**MATERIAL PROVIDED**.
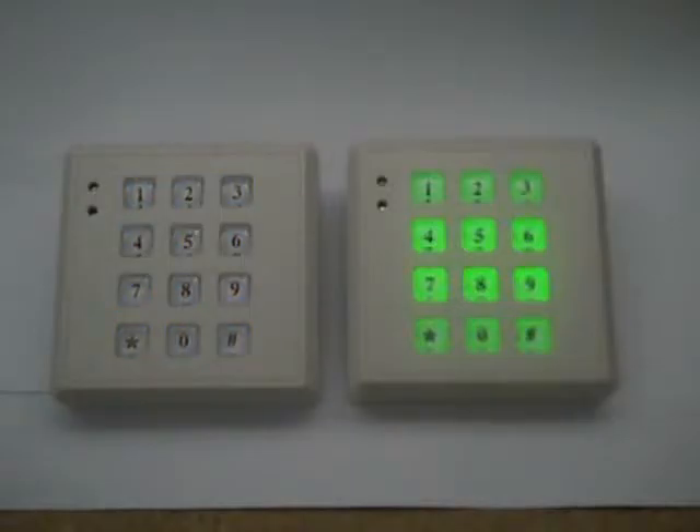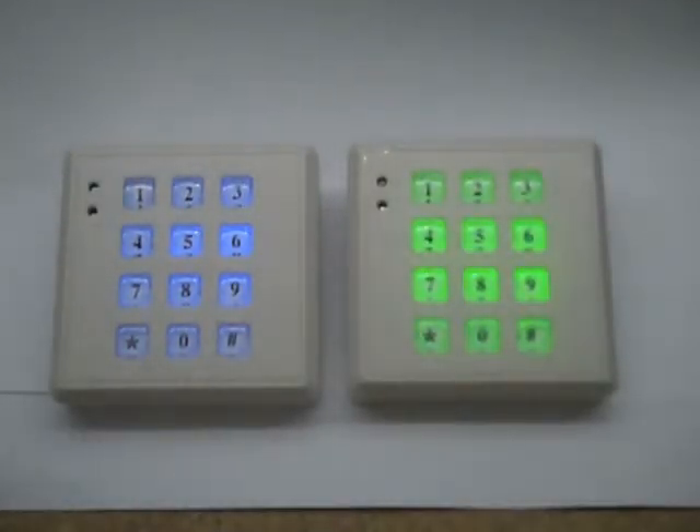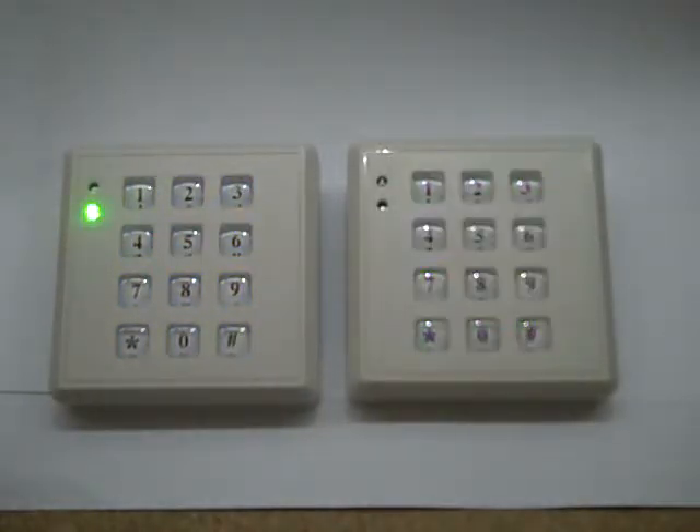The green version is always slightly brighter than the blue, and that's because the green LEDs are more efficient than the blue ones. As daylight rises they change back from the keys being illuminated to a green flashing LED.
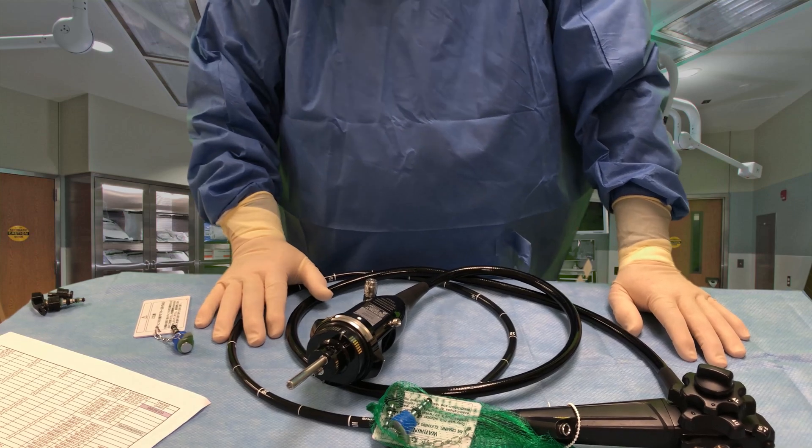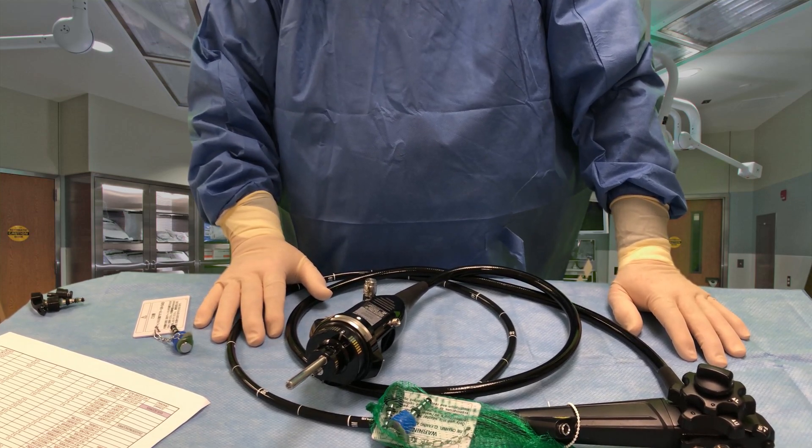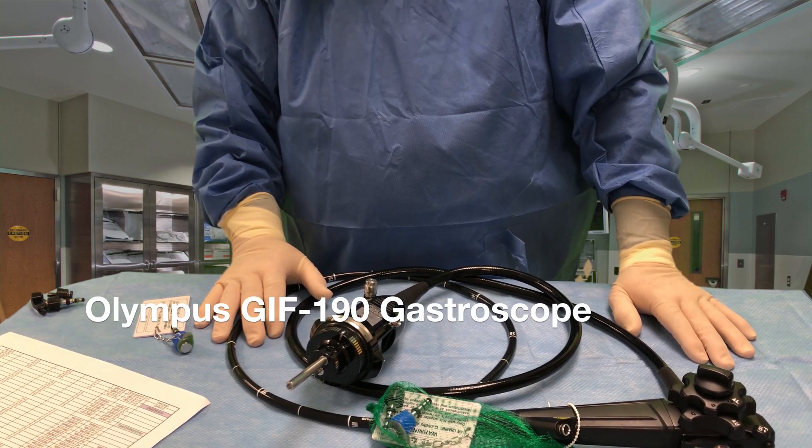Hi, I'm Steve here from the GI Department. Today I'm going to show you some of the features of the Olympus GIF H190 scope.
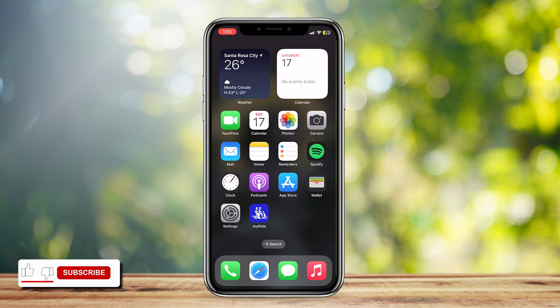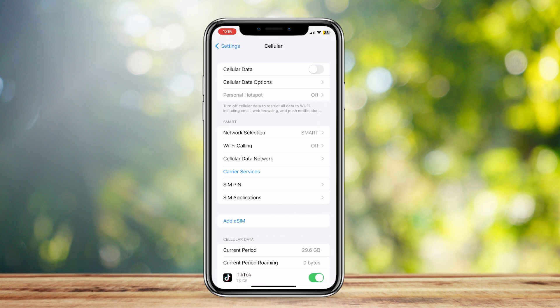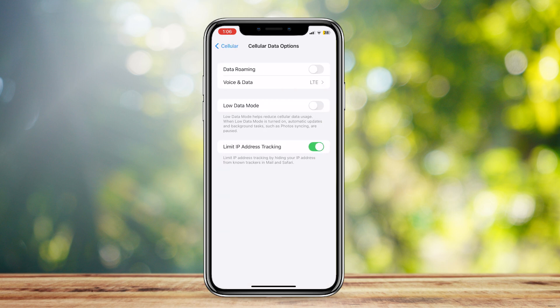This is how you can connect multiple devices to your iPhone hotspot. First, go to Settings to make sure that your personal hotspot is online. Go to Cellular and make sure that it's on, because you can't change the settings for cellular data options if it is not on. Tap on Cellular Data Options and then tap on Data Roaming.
---
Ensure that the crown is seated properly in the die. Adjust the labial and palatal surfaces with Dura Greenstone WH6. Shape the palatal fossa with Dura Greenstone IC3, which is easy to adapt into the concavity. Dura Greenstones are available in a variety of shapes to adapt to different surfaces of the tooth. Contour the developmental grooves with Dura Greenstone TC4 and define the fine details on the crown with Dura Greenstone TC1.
* * *
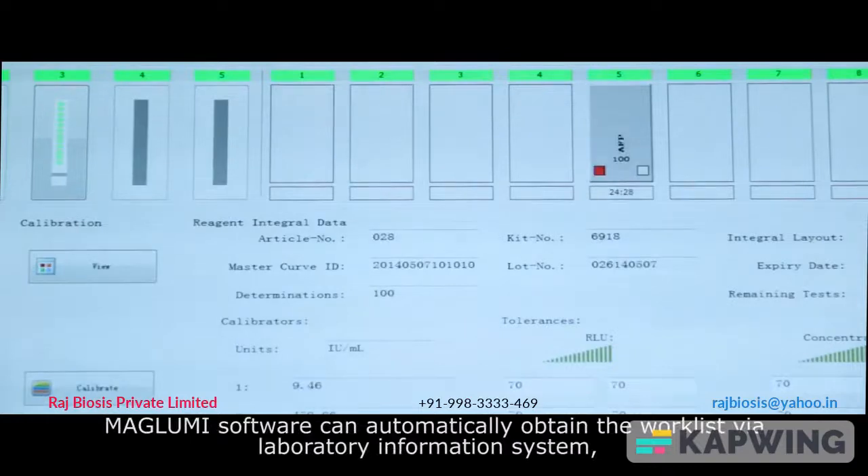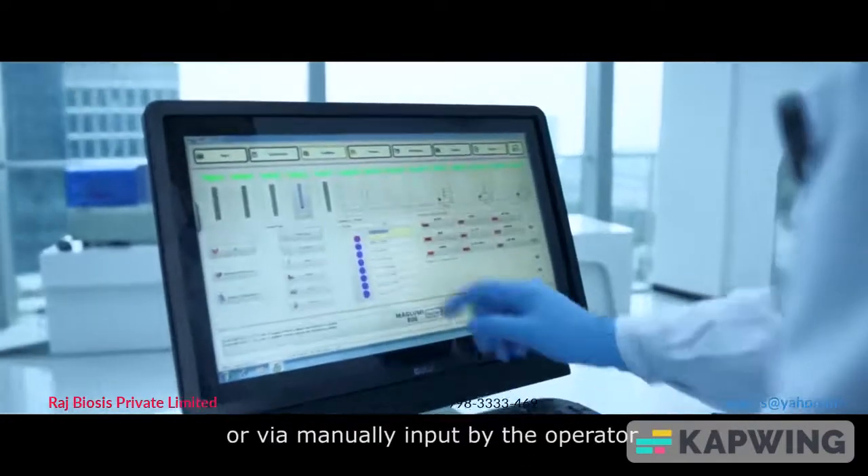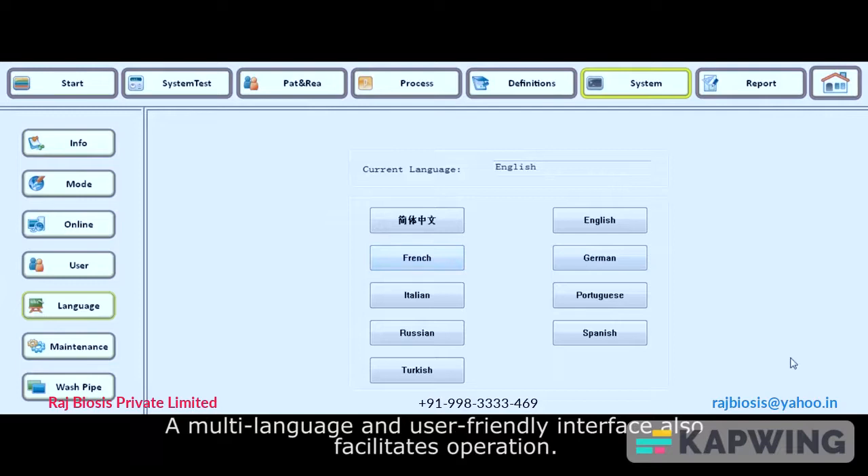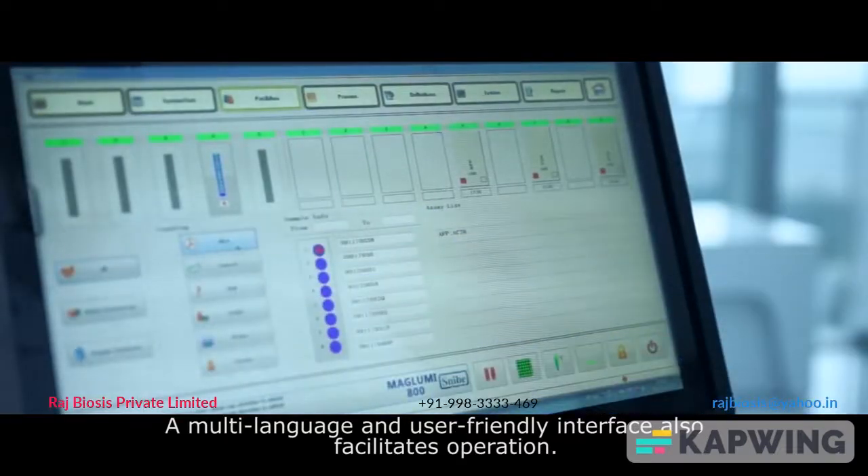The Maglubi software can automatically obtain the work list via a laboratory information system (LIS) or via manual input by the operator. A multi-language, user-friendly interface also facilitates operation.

**EXERCISE REQUIREMENTS**. From the records above, give again only the part that opens with the line containing "The green version" and closes with the line containing "This is how". Keep both ends but drop the pictures.

**EXERCISE RESPONSE**.
The green version is always slightly brighter than the blue, and that's because the green LEDs are more efficient than the blue ones. As daylight rises they change back from the keys being illuminated to a green flashing LED.
Hi, I'm Steve here from the GI Department. Today I'm going to show you some of the features of the Olympus GIF H190 scope.
This is how you can connect multiple devices to your iPhone hotspot. First, go to Settings to make sure that your personal hotspot is online. Go to Cellular and make sure that it's on, because you can't change the settings for cellular data options if it is not on. Tap on Cellular Data Options and then tap on Data Roaming.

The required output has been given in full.